Monocular depth estimation using deep neural models

This repository contains the tweaked code of BANet, LapDepth, and PixelFormer to train on DIODE/Outdoor. To run the models, it is recommended to install Conda. Instructions here. Alternatively, the link in the "about" section opens a google colab notebook (with links to other notebooks) to view training results and a brief description.

The original GitHub repositories can be found here (BANet), here (LapDepth), and here (PixelFormer).

In summary, the MSc thesis compared the above three state-of-the-art deep learning models that estimate depth from a single image. The models were trained from scratch on DIODE/Outdoor with adjustments to the code to load the dataset. Different hyperparameters were tested to find the combination that yields the best statistics for each model. The SILog loss and RMSE criteria ensured an objective evaluation. In addition, two more datasets (KITTI selection and IHU) provided a subjective evaluation.

The PDF file of the MSc thesis Monocular depth estimation using deep neural models.pdf is also available.

Datasets

DIODE/Outdoor (training, validation, test)

DIODE/Outdoor is a subset of DIODE. It contains 16,884 training and 446 validation images and depth maps tottaling 124GB. Both were captured wth the FARO Focus S350 laser scanner with a range of 350 meters. DIODE/Outdoor's diverse scenes depict city streets, large residential buildings, hiking trails, parking lots, parks, forests, river banks, and other outdoor environments at short, medium, and long distances.

The dataset can be downloaded from here.

KITTI selection (test)

KITTI selection is the validation set of KITTI, mostly intended for autonomous driving applications. It contains 1,000 images and depth maps tottaling 802MB. A Volkswagen station wagon with mounted equipment drove around Karlsruhe, Germany, to record various driving scenarios. The setup included a Velodyne HDL-64E LiDAR sensor with a range of 120 meters and a PointGray Flea2 FL2-14S3C-C color camera.
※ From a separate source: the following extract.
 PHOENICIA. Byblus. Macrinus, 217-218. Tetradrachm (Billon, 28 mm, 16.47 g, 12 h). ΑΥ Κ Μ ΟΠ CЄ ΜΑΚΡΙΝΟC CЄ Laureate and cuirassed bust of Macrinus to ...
The dataset can be downloaded from here.

IHU (test)

The IHU dataset was created specifically for this thesis. It contains 30 RGB images taken after a walk around the Alexandrian Campus of IHU on the 19th of October 2023 from 6 p.m. to 7:30 p.m. A Samsung Galaxy A13 5G smartphone was the only equipment. The aspect ratio was set to 4:3, resulting in 3060x4080 resolution RGB images. They were then resized to 1024x768 tottaling 4MB and DIODE’s resolution into consideration. Moreover, IHU depicts similar outdoor environments to DIODE/Outdoor with objects, such as vehicles, roads, trees, and signs.

The resized dataset can be found in the IHU folder of this repository.

Training/Evaluation with BANet

Installation

conda create -n banet python=3.6.8 anaconda
conda activate banet
conda install pytorch==1.8.0 torchvision==0.9.0 torchaudio==0.8.0 cudatoolkit=10.2 -c pytorch
pip install tensorboard matplotlib progressbar2 pandas opencv-python==4.5.1.48 opencv-contrib-python==3.4.4.19

Tip

To remove the environment, enter the following command.

conda env remove -n banet

Training

• Train BANet on DIODE/Outdoor
  1. Open datasets_banet_csvs.ipynb from the scripts folder.
  2. Modify the path to the DIODE folder in the Define functions code cell.
  3. Run Import packages, Define functions, and Create DIODE/Outdoor CSV files.
  4. Replace diode_train.csv and diode_val.csv in models/BANet/datasets/ with the new CSV files.
  5. You can now execute the training command.

python3 main.py --train 1 --height 192 --width 256 --train_csv datasets/diode_train.csv --val_csv datasets/diode_val.csv

Evaluation

• Evaluate DIODE/Outdoor
  1. Execute the evaluation command (modify [path_to_model]).

python3 main.py --inference random --height 192 --width 256 --model [path_to_model] --val_csv datasets/diode_val.csv

• Evaluate KITTI selection
  1. Open datasets_kitti_selection.ipynb from the scripts folder.
  2. Run Import packages, Set Current Working Directory, Copy raw images to new location, Copy and convert depth PNG files to NPY, and Create KITTI selection CSV file (relative path).
  3. Open datasets_banet_csvs.ipynb from the scripts folder.
  4. Modify the path to the kitti_selection folder in the Create KITTI selection CSV file code cell.
  5. Run Import packages and Create KITTI selection CSV file.
  6. Replace kitti_selection_banet.csv in models/BANet/datasets/ with the new CSV file.
  7. You can now execute the evaluation command (modify [path_to_model]).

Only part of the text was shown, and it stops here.